Material for this task:
=-=-=-=-=

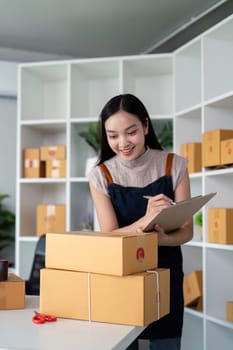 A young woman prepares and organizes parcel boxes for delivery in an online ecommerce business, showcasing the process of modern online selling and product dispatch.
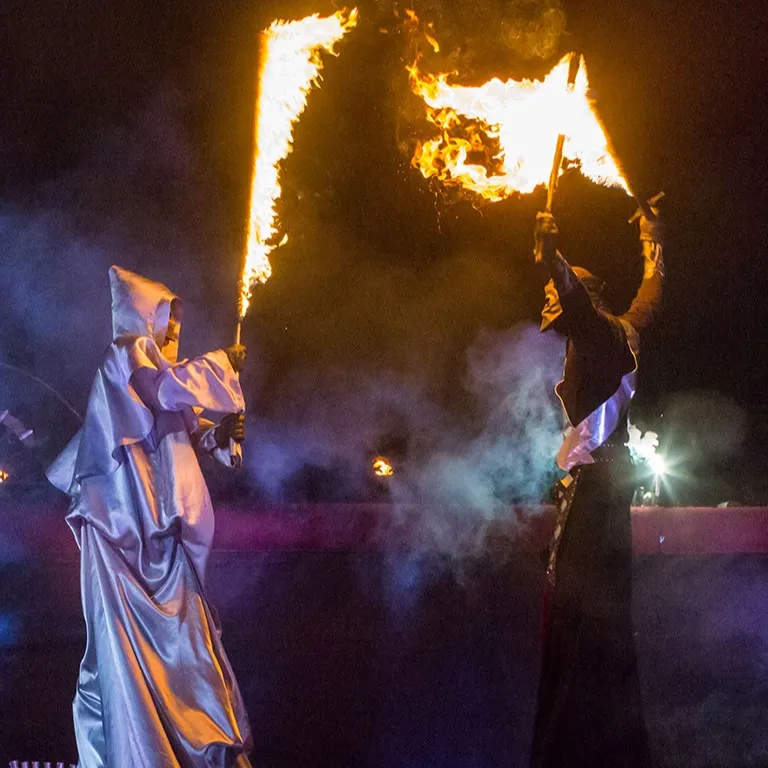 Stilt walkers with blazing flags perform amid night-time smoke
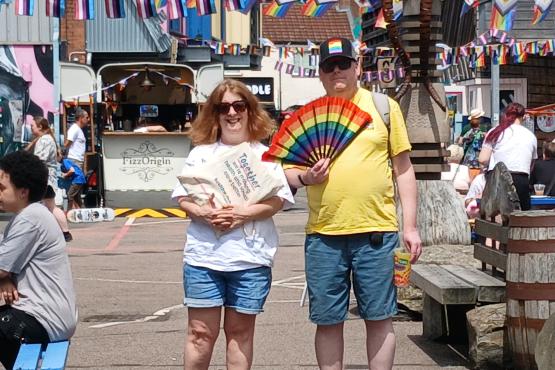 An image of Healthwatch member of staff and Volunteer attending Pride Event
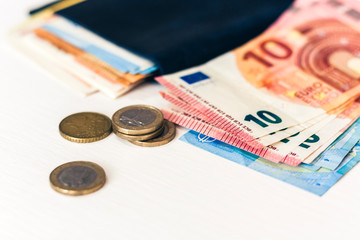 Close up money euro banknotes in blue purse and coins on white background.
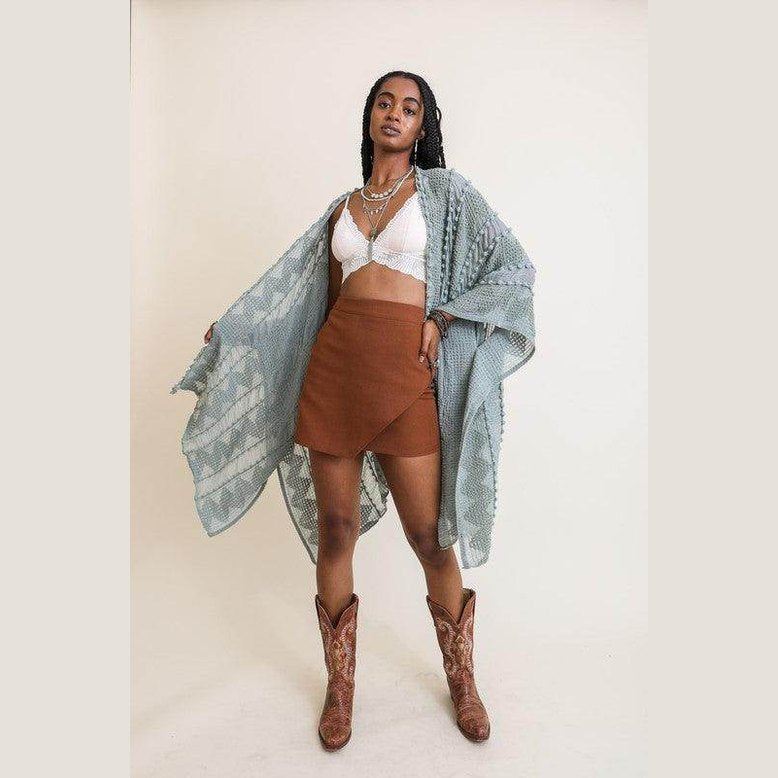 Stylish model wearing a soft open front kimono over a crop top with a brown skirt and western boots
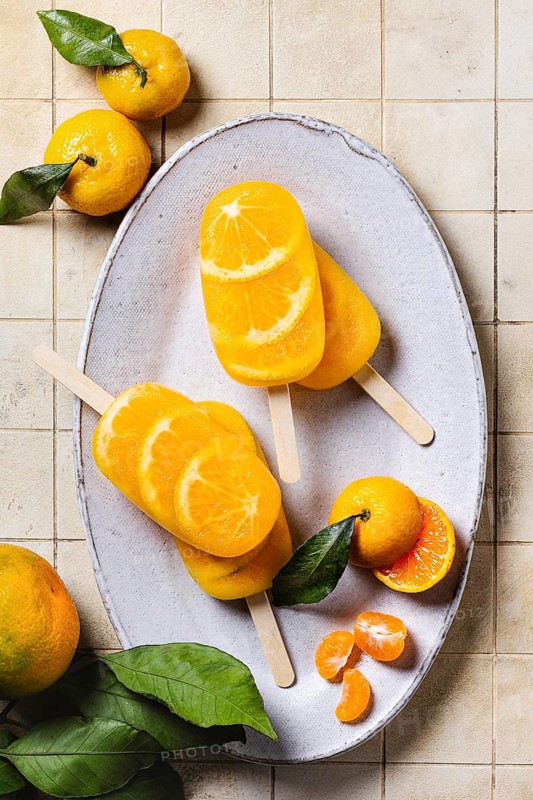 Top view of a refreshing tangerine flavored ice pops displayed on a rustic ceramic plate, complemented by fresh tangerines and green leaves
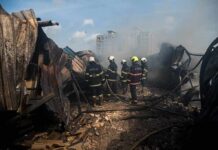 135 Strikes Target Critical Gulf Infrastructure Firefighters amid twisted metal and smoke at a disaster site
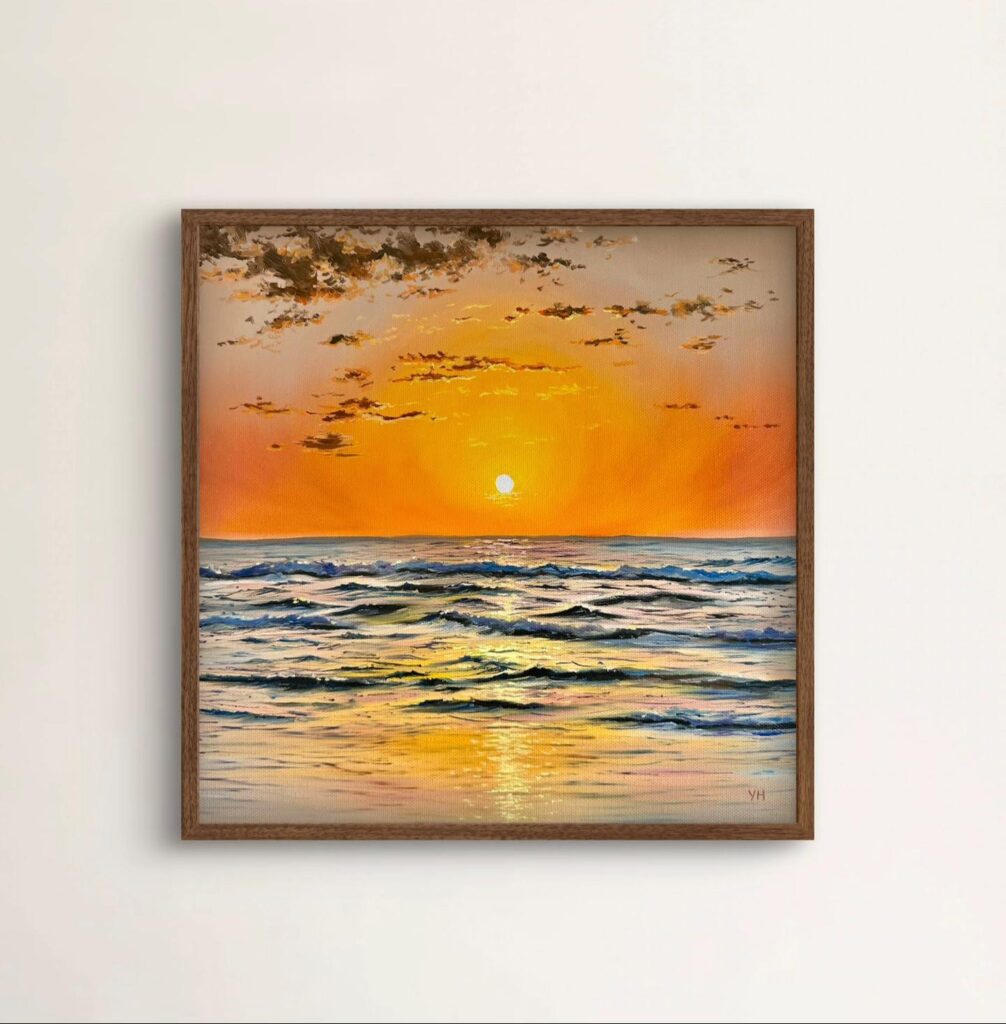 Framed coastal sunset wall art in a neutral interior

=-=-=-=-=

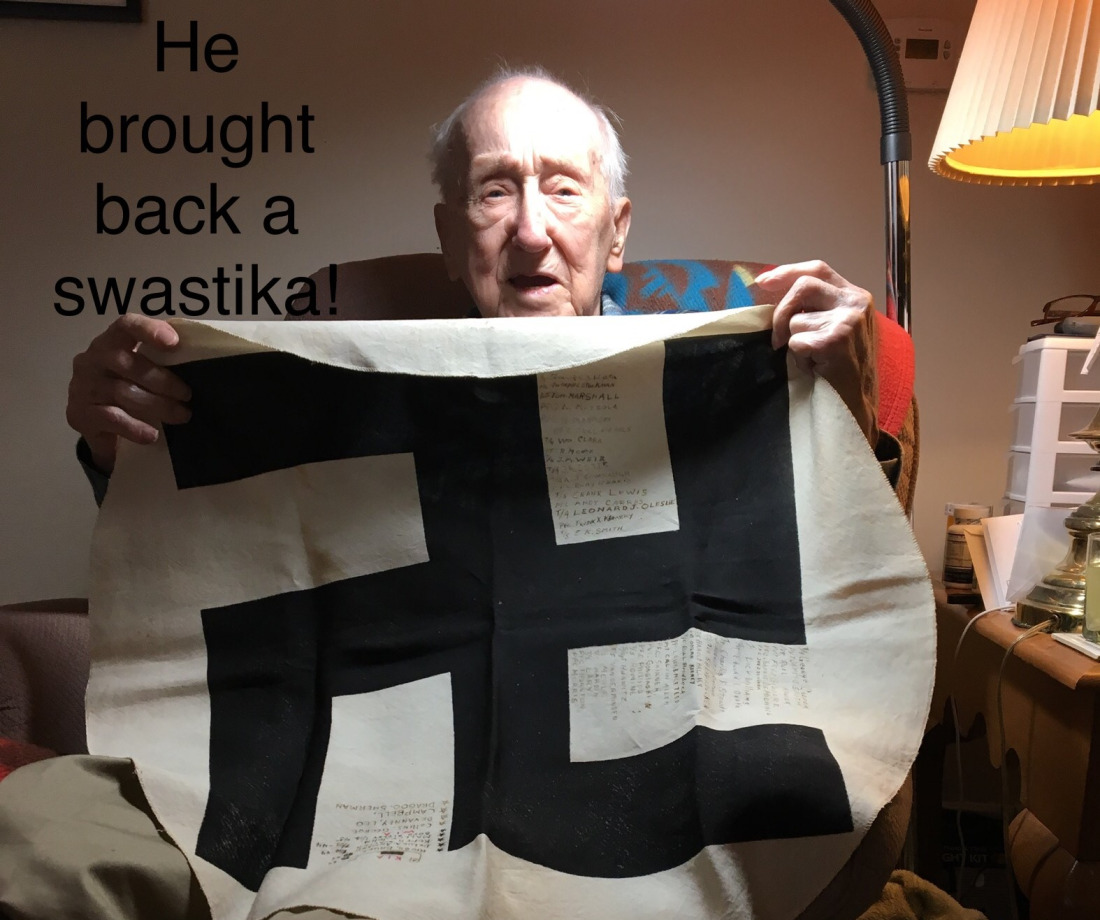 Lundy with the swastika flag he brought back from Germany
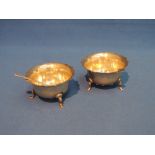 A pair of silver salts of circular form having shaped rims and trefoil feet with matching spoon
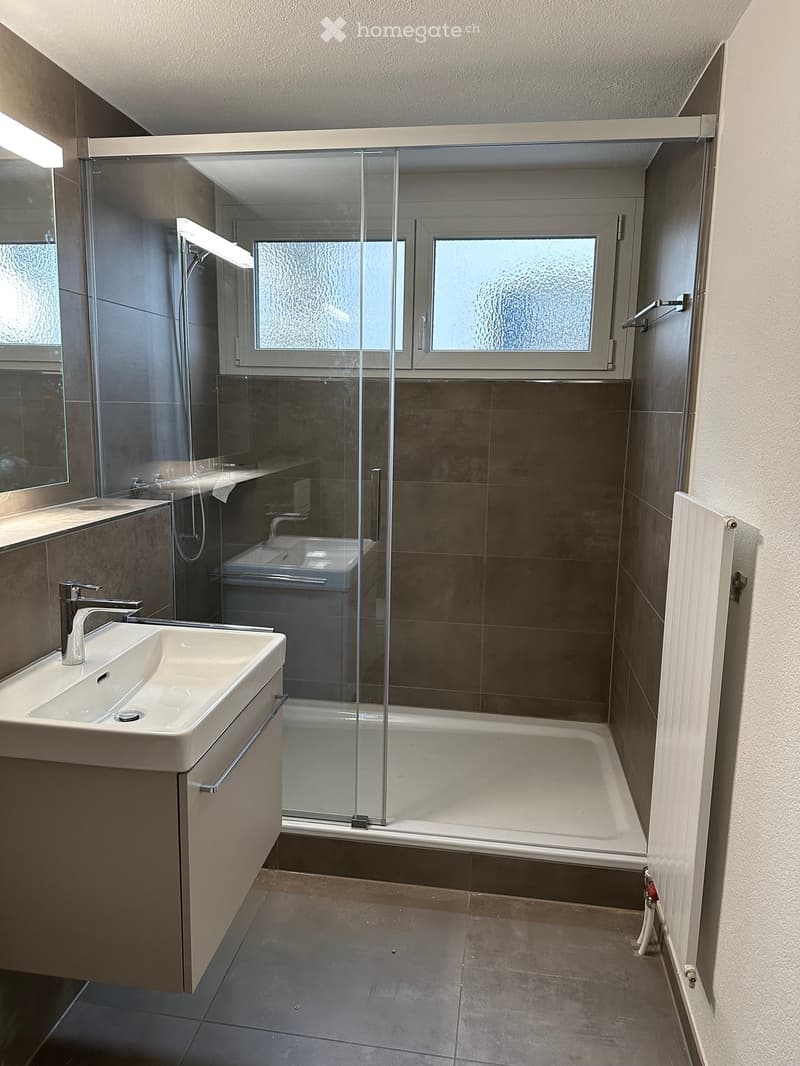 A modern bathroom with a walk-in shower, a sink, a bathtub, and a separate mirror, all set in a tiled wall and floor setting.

=-=-=-=-=

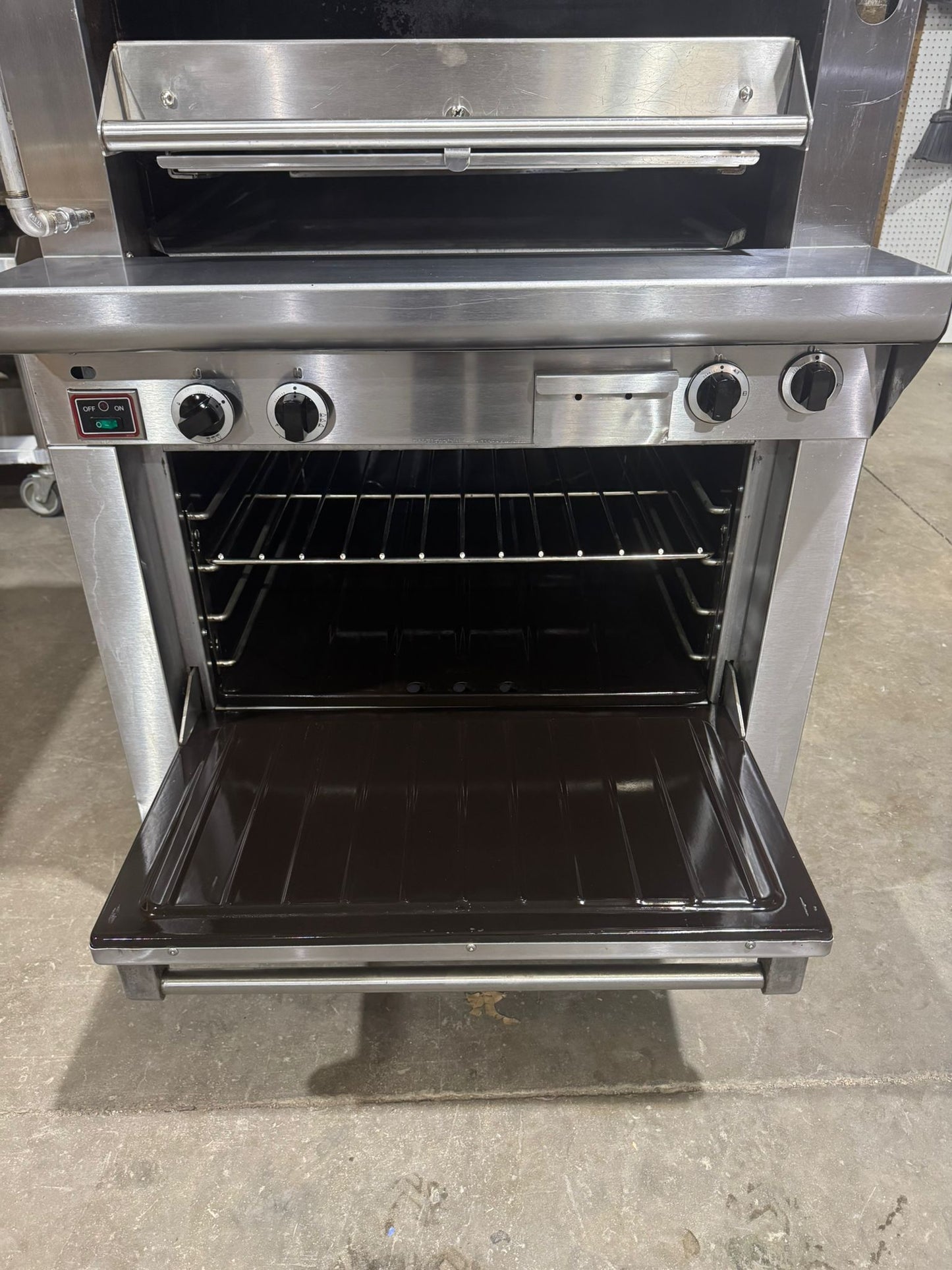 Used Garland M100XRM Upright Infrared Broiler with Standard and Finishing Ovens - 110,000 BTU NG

=-=-=-=-=

Instructions to follow: Retype, exactly and with no pictures, everything above from the line with "Stilt walkers with" down to the line with "Framed coastal sunset", both included.

Solution to the problem:
 Stilt walkers with blazing flags perform amid night-time smoke
 An image of Healthwatch member of staff and Volunteer attending Pride Event
 Close up money euro banknotes in blue purse and coins on white background.
 Stylish model wearing a soft open front kimono over a crop top with a brown skirt and western boots
 Top view of a refreshing tangerine flavored ice pops displayed on a rustic ceramic plate, complemented by fresh tangerines and green leaves
 135 Strikes Target Critical Gulf Infrastructure Firefighters amid twisted metal and smoke at a disaster site
 Framed coastal sunset wall art in a neutral interior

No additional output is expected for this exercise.